### Data in this exercise:
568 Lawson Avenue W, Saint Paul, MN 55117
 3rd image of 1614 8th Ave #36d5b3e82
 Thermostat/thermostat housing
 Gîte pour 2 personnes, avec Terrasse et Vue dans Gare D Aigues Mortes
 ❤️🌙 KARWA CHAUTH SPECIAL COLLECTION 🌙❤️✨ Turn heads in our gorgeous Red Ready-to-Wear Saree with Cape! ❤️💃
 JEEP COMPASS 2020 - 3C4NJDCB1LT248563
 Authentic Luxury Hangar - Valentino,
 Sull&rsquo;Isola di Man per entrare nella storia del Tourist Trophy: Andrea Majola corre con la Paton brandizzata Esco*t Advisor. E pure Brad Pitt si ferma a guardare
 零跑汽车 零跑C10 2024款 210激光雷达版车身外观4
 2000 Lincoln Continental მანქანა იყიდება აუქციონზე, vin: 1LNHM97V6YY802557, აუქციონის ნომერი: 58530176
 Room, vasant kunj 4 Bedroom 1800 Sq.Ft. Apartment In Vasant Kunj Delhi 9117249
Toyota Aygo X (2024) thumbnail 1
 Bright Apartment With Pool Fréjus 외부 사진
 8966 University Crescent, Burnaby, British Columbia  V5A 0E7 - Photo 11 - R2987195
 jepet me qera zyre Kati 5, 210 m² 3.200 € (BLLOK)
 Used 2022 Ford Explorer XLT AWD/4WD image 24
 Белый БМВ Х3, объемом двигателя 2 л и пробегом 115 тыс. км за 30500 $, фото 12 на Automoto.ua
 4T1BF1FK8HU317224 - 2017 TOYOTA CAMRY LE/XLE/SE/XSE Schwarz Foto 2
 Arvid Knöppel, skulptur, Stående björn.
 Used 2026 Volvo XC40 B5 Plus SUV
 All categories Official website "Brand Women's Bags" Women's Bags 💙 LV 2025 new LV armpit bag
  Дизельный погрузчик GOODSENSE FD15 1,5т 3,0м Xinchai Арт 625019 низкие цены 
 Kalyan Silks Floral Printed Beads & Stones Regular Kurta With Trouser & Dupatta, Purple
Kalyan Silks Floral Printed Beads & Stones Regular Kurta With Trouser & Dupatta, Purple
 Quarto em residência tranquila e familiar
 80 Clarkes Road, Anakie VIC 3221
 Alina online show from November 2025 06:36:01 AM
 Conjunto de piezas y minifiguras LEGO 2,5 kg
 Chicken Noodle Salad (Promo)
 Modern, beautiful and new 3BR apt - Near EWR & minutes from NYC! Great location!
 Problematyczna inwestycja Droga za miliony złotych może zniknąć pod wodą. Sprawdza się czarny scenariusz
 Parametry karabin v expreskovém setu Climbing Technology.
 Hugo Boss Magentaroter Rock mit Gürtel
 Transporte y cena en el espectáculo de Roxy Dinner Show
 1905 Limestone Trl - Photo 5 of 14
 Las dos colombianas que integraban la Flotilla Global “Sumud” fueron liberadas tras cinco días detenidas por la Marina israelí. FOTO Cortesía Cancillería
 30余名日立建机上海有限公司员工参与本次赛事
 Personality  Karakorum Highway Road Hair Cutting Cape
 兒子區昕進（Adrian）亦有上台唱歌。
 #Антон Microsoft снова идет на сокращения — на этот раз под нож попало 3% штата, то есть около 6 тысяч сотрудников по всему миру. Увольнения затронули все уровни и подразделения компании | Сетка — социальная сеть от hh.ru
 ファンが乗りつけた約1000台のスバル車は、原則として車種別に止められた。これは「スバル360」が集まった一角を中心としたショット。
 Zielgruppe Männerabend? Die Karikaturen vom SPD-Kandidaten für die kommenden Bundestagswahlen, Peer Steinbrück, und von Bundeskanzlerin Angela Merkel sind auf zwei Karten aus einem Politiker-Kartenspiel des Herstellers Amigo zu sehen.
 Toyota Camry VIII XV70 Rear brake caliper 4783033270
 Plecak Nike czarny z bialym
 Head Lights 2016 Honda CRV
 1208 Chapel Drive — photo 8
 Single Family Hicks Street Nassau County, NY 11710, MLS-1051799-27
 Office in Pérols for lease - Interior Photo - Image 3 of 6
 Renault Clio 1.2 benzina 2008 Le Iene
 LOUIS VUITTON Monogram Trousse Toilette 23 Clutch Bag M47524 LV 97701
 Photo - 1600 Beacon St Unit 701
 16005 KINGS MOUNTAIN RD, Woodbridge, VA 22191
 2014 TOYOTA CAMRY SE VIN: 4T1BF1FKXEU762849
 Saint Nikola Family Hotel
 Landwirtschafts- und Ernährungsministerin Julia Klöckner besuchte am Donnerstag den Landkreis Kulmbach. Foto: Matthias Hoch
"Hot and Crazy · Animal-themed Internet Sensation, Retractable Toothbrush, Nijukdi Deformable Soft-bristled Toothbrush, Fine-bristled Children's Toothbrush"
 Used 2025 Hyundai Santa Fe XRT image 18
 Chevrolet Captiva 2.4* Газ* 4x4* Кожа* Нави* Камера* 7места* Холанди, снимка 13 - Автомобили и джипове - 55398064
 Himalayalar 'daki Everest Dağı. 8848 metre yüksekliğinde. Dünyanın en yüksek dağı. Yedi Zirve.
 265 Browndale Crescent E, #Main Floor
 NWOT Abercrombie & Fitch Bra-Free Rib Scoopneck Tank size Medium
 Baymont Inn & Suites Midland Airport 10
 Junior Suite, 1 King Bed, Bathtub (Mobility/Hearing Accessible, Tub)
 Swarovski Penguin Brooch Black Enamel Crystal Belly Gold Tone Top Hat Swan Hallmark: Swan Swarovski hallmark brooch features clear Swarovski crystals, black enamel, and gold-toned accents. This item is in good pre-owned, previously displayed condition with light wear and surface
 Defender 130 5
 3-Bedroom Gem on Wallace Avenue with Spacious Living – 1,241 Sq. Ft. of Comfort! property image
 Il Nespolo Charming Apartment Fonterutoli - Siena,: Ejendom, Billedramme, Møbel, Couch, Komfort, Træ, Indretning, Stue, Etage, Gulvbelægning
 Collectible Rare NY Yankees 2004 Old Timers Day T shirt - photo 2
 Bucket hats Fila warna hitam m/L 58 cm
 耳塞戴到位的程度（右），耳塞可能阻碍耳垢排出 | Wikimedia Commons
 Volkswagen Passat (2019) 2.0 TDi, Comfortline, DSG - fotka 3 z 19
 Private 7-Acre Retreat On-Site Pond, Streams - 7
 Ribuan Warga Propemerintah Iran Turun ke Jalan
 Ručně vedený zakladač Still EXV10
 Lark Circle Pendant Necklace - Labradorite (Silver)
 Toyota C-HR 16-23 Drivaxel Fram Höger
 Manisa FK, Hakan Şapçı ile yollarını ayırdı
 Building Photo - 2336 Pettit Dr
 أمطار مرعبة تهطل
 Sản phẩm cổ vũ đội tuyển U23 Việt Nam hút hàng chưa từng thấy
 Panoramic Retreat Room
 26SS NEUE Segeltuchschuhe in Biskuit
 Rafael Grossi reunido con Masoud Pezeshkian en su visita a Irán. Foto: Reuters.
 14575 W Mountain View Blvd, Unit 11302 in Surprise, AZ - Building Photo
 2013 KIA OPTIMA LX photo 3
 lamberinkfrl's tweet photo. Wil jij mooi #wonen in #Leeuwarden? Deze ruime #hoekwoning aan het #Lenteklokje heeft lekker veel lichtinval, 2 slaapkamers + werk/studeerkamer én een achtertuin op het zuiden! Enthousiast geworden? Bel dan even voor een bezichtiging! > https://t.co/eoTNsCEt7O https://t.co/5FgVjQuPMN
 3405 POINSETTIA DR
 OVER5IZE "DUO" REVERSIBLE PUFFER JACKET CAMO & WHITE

### Task goal:
Go through the entries above and copy every line containing "Printed".

### Task result:
 Kalyan Silks Floral Printed Beads & Stones Regular Kurta With Trouser & Dupatta, Purple
Kalyan Silks Floral Printed Beads & Stones Regular Kurta With Trouser & Dupatta, Purple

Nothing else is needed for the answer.